**What you will do**.
Using the data that follows, output only the lines from the line with "Canon Photo Paper" up to and including the line with "Eustass Kid One", exactly, leaving pictures aside.

**Exercise input**.

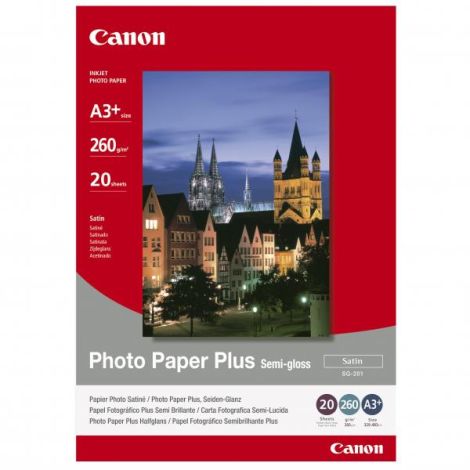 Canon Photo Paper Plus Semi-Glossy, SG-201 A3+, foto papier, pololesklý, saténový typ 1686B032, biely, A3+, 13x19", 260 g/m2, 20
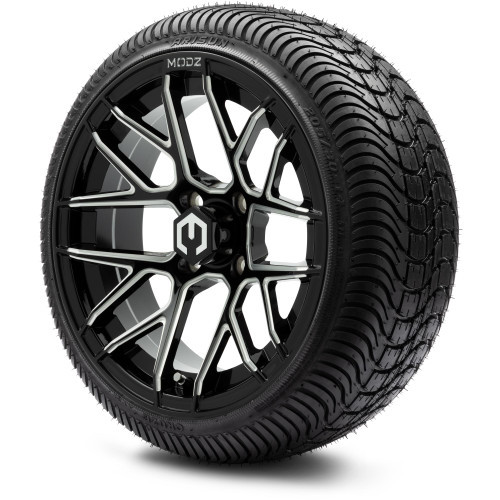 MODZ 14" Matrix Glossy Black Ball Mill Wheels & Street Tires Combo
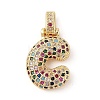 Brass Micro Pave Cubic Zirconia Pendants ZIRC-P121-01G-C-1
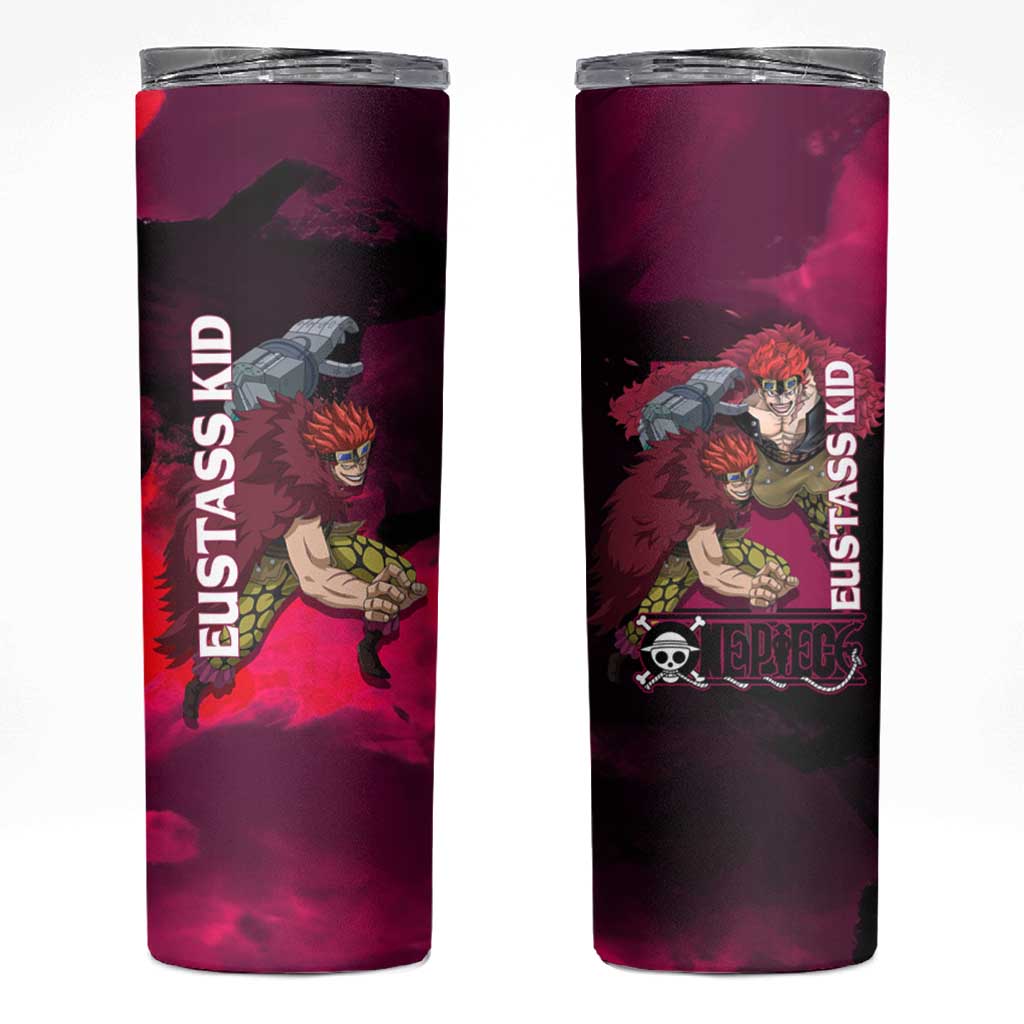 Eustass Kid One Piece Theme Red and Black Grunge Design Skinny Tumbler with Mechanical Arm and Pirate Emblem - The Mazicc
...
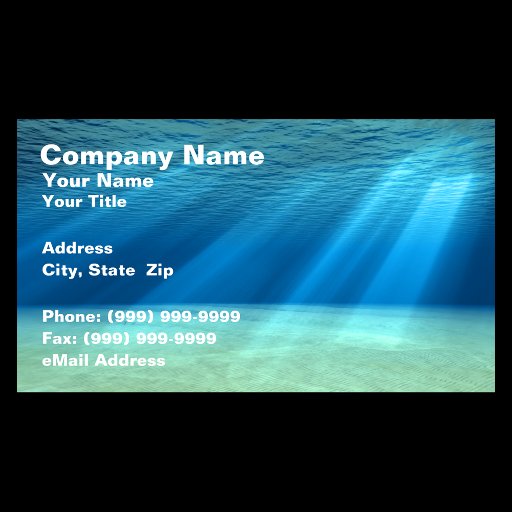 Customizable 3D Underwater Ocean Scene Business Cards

**Exercise answer**.
 Canon Photo Paper Plus Semi-Glossy, SG-201 A3+, foto papier, pololesklý, saténový typ 1686B032, biely, A3+, 13x19", 260 g/m2, 20
 MODZ 14" Matrix Glossy Black Ball Mill Wheels & Street Tires Combo
 Brass Micro Pave Cubic Zirconia Pendants ZIRC-P121-01G-C-1
 Eustass Kid One Piece Theme Red and Black Grunge Design Skinny Tumbler with Mechanical Arm and Pirate Emblem - The Mazicc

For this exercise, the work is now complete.